Start of Source information

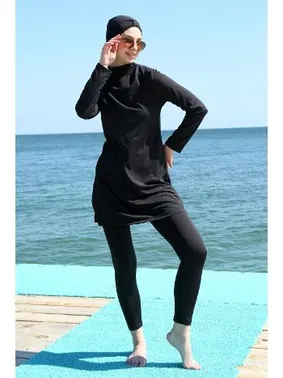 Akbeniz Uzun Kollu Likralı Siyah Tesettür Kadın Mayo 31055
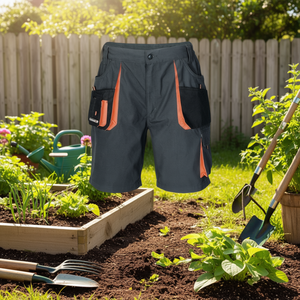 Pantalones Cortos para Hombre TERRATREND en Gris Oscuro, Negro y Naranja - Talla 58, Guantes de Jardinería y Equipo de Protección - Product Image 3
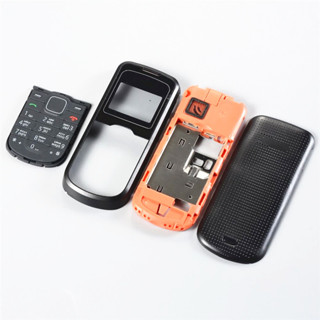 Nokia 1202 ฝาครอบเคส แบบเต็ม กรอบด้านหน้า + ฝาหลังแบตเตอรี่ + ปุ่มกดภาษาอังกฤษ (พร้อมโลโก้)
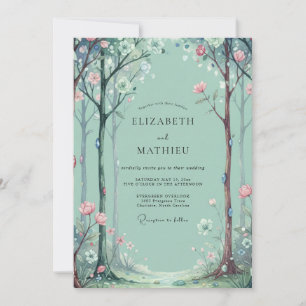 Convite Casamento de Eucalipto Árvore Floresta Aqua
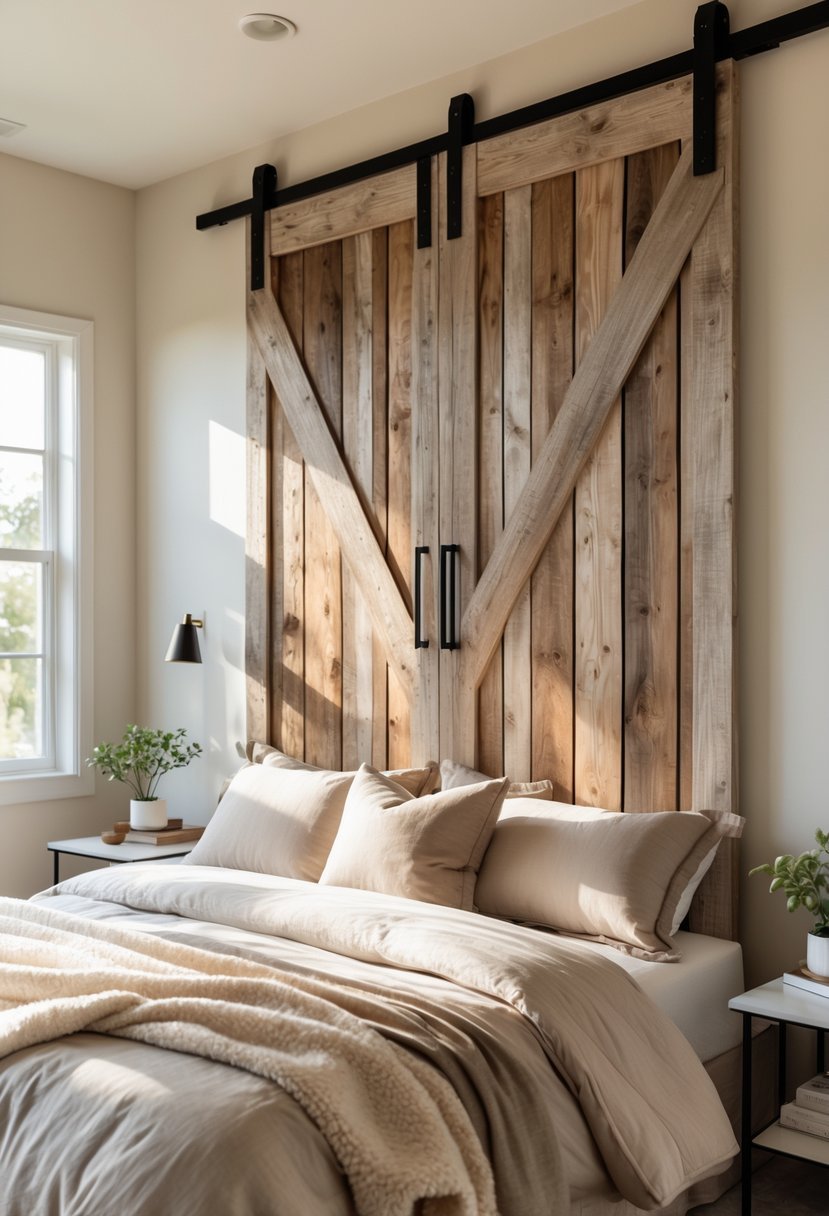 A bedroom with a large wooden barn door-style wall feature behind a bed with neutral bedding and soft natural light.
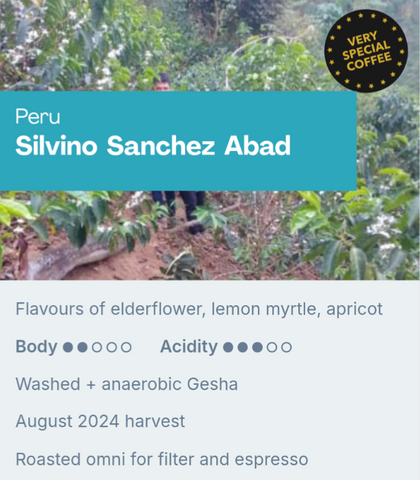Sample Coffee Roasters - Peru Silvino Sanchez Abad, Washed + anaerobic process Gesha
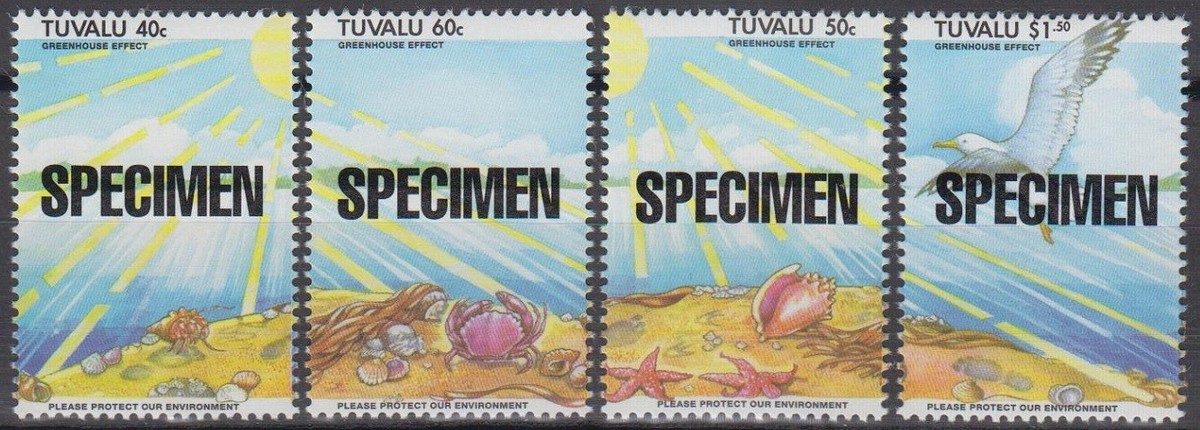 Specimen, Tuvalu Sc649-52 Greenhouse Effect, Sun, Crab, Sea Gull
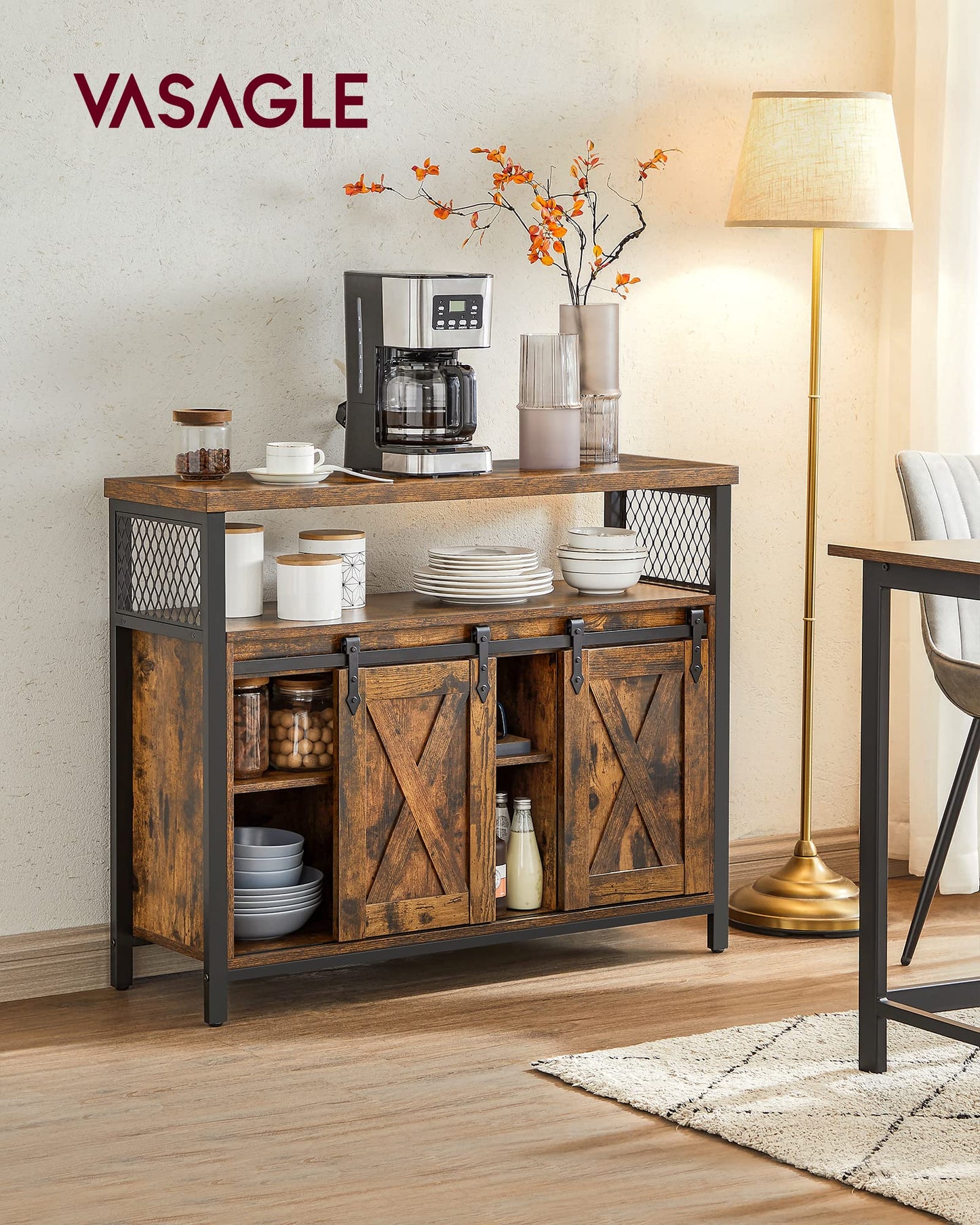 Sideboard with 2 Sliding Barn Doors, Adjustable Shelves, Kitchen & Living Room Cabinet, Rustic Brown & Black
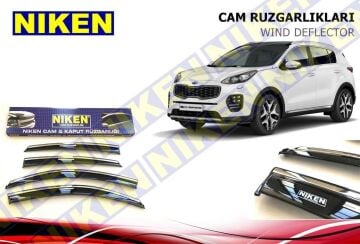 Niken Kia Sportage Paslanmaz Kromlu 4'Lü Cam Rüzgarlığı Seti 2016 Üzeri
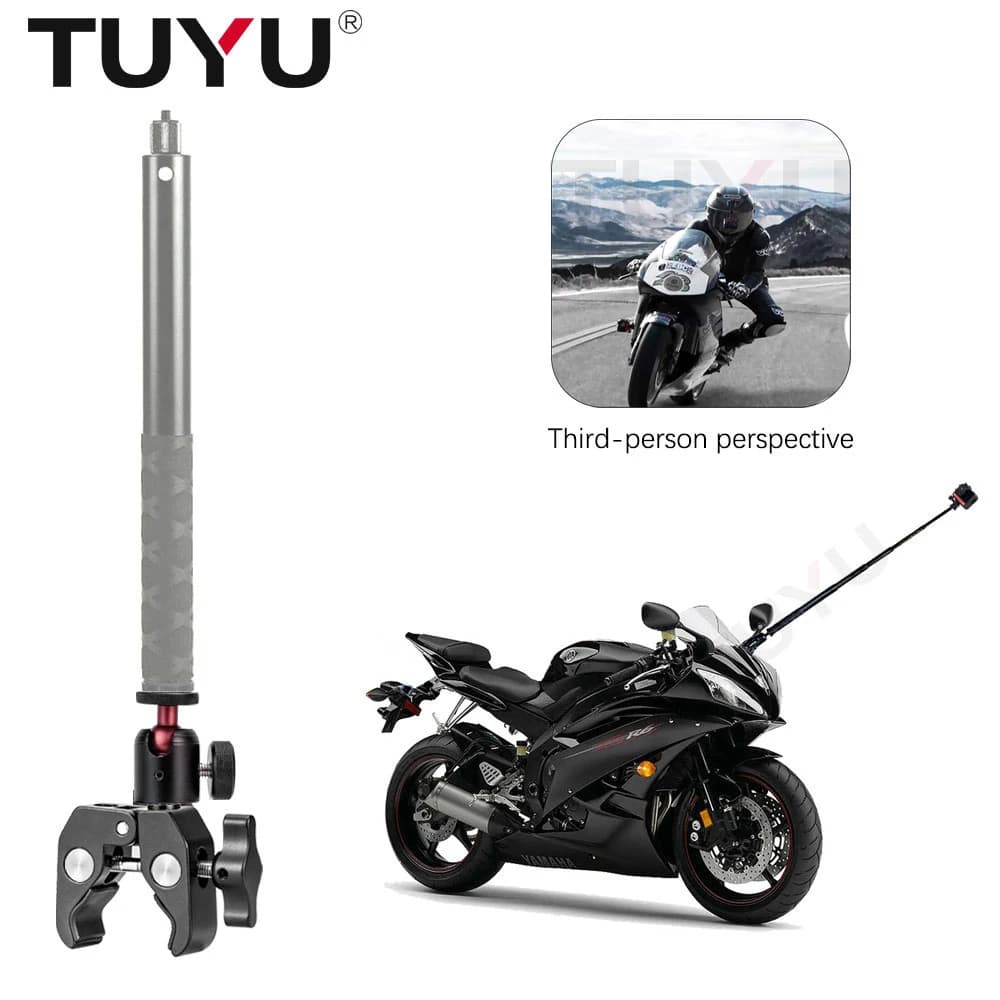 TUYU Moto 3rd Person View Bastone Selfie Invisibile per GoPro Max Hero 12 11 Insta360 X4 X3 X2 Accessori per montaggio su RAM per fotocamera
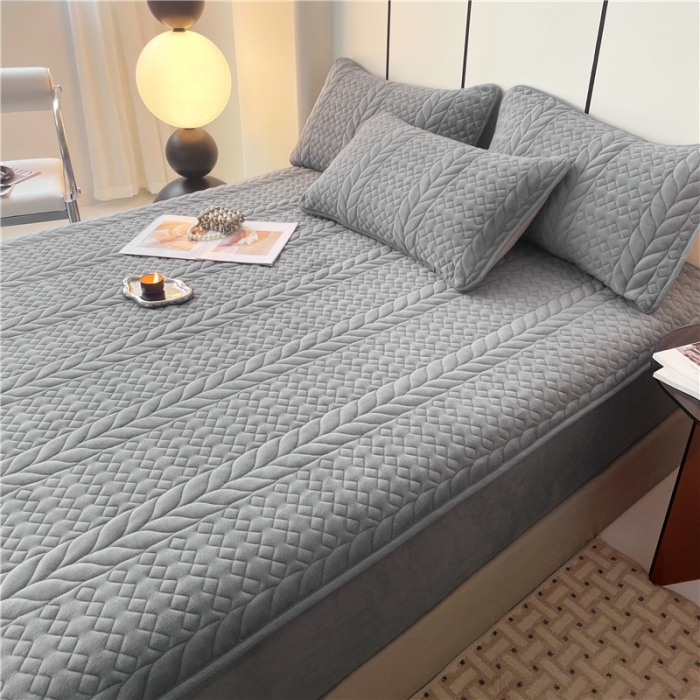 91家纺网 家纺一手货源 找家纺 梦舒羽 2025新款牛奶绒夹棉轻奢枕套枕芯套枕头套 轻奢-星辰灰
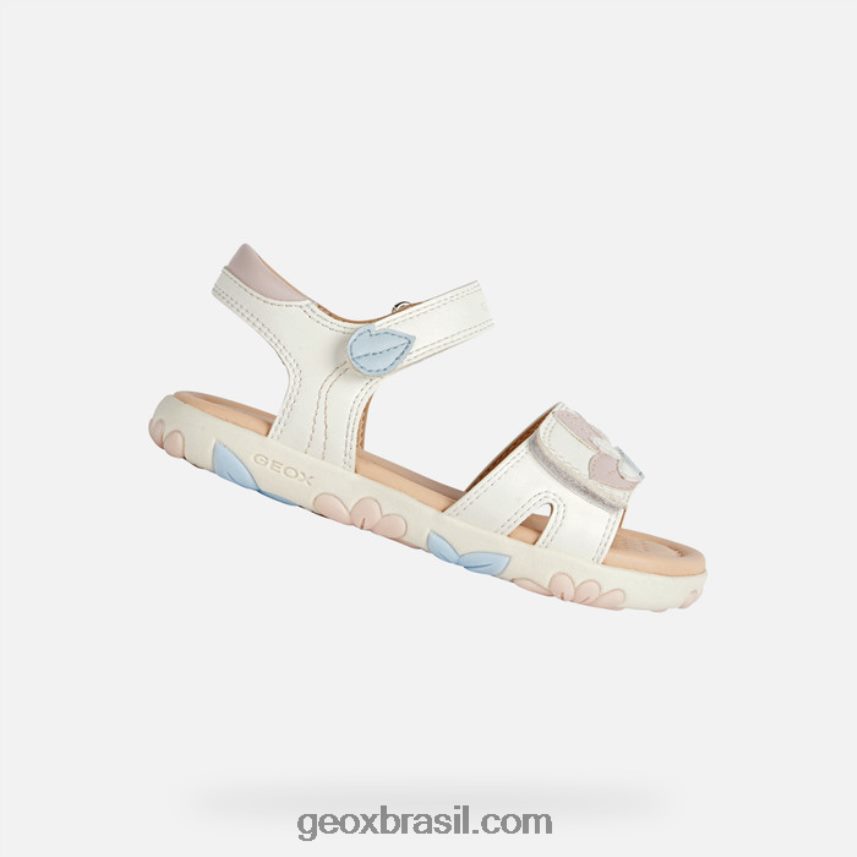 sandália haiti menina branco/rosa claro Geox 28TF8X1088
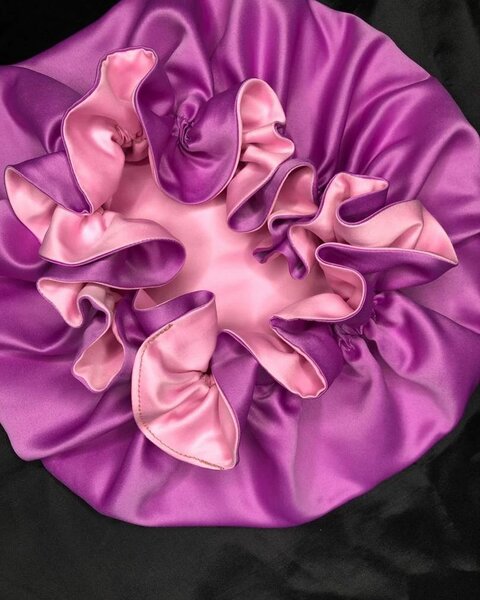Ruffle satin bonnet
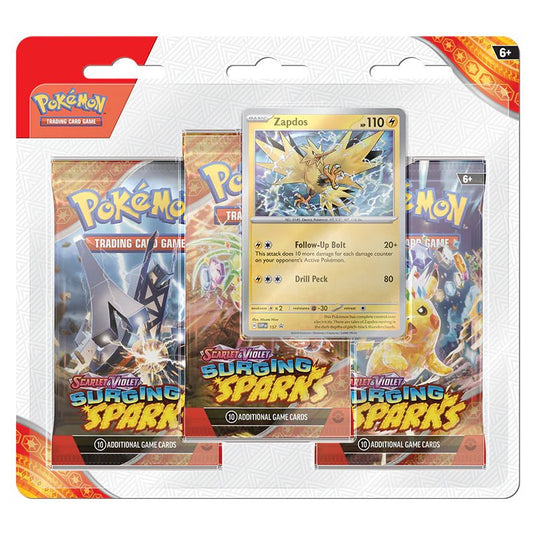Pokemon Scarlet & Violet Surging Sparks 3 Pack Blister Zapdos - Cartoncito Cards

End of Source information

# Action item
The copy you give must run from the line containing "Ruffle satin bonnet" through the last line of the records, exactly, with the pictures left out.

# Your solution
Ruffle satin bonnet
Pokemon Scarlet & Violet Surging Sparks 3 Pack Blister Zapdos - Cartoncito Cards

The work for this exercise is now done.